Portability: You can build a container image once and you can deploy it to your on-prem, as well as into different clouds — if you look at, say AWS, Azure, Google, they all provide ways to run containers in a much more efficient and cost-effective way. One of the key projects that is in the open source world today, which is Kubernetes, is actually what we refer to as a Container Orchestrater. And that is kind of revolutionizing the way workloads are deployed and managed. Portability is one of the important benefits that you get when you use containers.

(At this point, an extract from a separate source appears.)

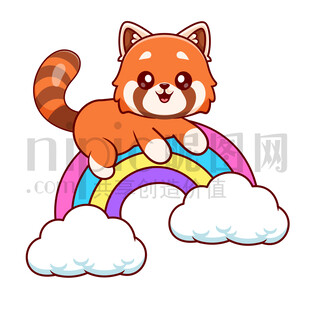 可爱卡通趴在彩虹上的小熊猫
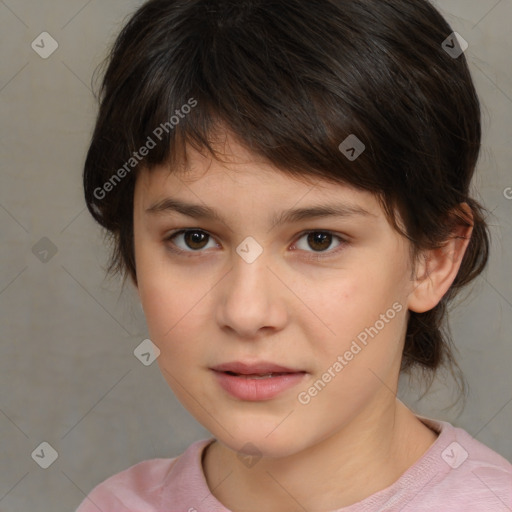 Joyful white child female with medium  brown hair and brown eyes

Scalability: When you use containers, these container images are designed to be really really fast to start up. Which means, lets say, something happens to a container which is running or if you were to find that you are hit with a large spike in traffic and you want to scale up, containers can start up pretty quickly. This enables you to cluster large application pools and load balance them, and enable them to automatically scale up and scale down for better cost efficiency and resilience.
Time to Market: Containers are ready-to-go images so there are container images for most workloads that are out there, and it is easy to layer your custom component on top of an existing docker image. And get it out there and deploy it as soon as you can. Also, the current trend of scalable application is to use what we call the microservices architecture. Containers are well-suited for it. Believe it or not, even legacy applications can be fitted to a container, as long as you have the right tools. So containers to me, are modernizations of an accelerator, which means no matter if you have legacy applications or if you have modern microservice-based applications, both will fit in a container as long as you know what you’re doing.
Security: Containers enable you to secure your workloads much better than a VM could because you can lock it down and improve your access control. As a result, your attackable surface will be reduced. Another important factor for security, is that containers are immutable. Which means that you can get rid of them and then a new instance comes up or a new deployment happens. Containers are recreated from scratch based on the original image which is also immutable. So that gives you the ability to reset your system to a known, secure state, as frequently as you want. One of the basic advantages there is that, let’s say you are suspecting an attack and you want to reset your deployed instances and applications you can do that very effectively using a container image and a container-based deployment model.
Cost of Ownership: Containers tend to be more efficient when it runs, so it is cheaper than running a VM. I have seen cases where containers run almost 10-100x more workloads or containers can run 10-100x more containers in a given resource pool. So in a given static resource pool that is available to you, you can run 10-100x more workloads and this enables you to be more efficient, have a lower cost of ownership, and hence it is one of the key advantages.